◆ SOURCE MATERIAL
--
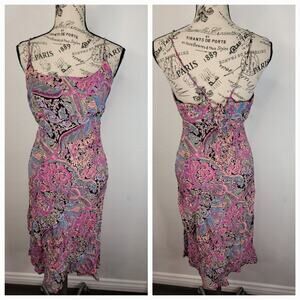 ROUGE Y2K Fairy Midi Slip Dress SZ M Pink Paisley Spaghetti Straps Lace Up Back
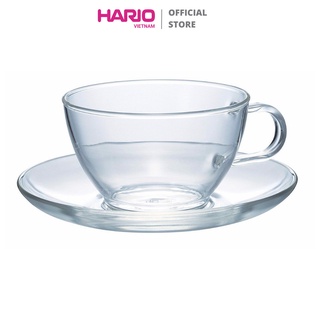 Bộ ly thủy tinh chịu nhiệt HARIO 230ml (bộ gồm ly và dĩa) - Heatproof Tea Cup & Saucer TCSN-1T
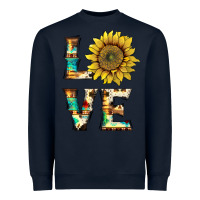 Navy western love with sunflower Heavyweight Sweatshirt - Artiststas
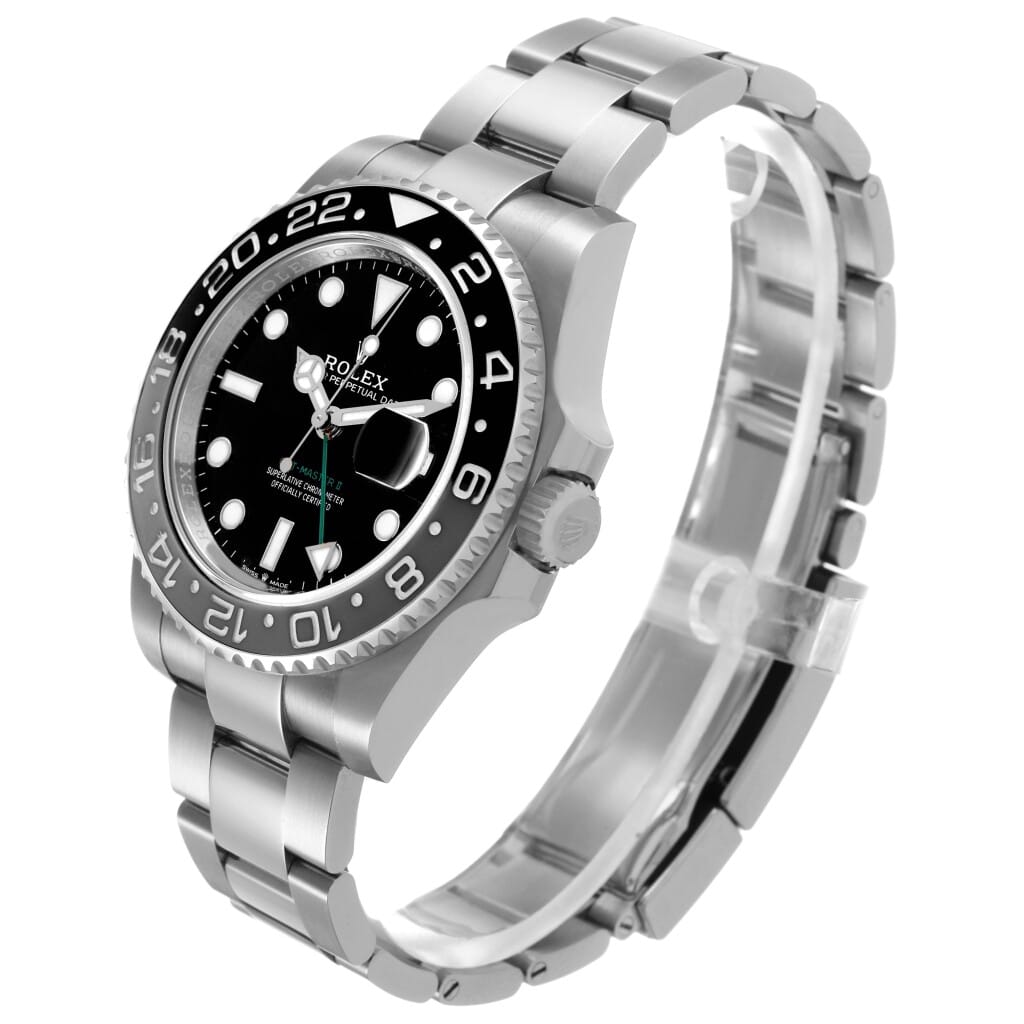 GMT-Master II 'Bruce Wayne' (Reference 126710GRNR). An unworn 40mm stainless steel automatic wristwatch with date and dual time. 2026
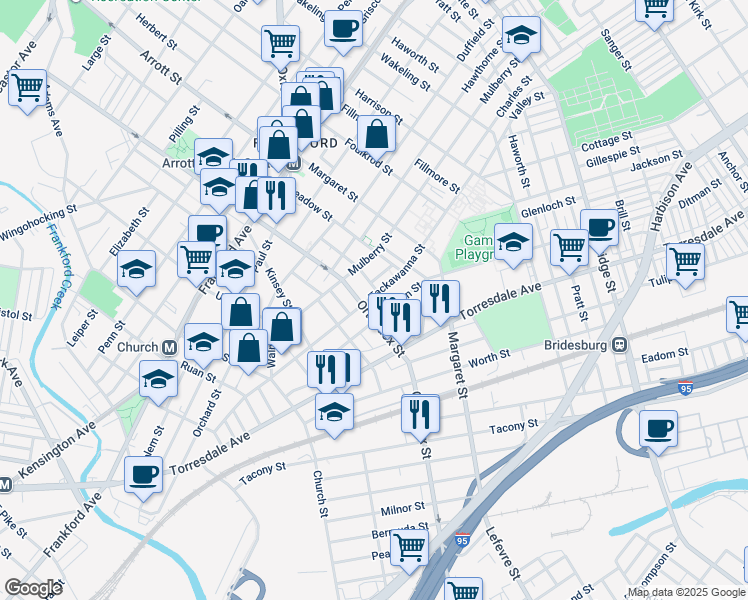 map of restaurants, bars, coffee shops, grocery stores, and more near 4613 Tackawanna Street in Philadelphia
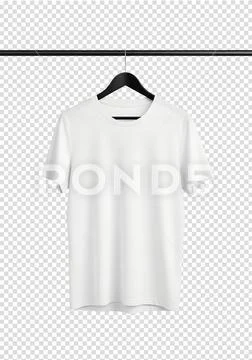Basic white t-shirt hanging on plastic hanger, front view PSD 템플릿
--
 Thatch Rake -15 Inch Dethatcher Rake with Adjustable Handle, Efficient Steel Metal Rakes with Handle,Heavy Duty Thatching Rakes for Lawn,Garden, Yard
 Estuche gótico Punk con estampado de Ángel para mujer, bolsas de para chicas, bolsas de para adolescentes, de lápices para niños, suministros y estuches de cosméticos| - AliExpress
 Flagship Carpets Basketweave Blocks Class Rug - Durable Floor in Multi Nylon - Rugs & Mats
--
◆ TASK BRIEF
Leave the pictures out. Output, exactly, the lines of the material above starting at the line containing "Navy western love" and ending at the line containing "map of restaurants, bars, coffee".

◆ EXERCISE SOLUTION
 Navy western love with sunflower Heavyweight Sweatshirt - Artiststas
 GMT-Master II 'Bruce Wayne' (Reference 126710GRNR). An unworn 40mm stainless steel automatic wristwatch with date and dual time. 2026
 map of restaurants, bars, coffee shops, grocery stores, and more near 4613 Tackawanna Street in Philadelphia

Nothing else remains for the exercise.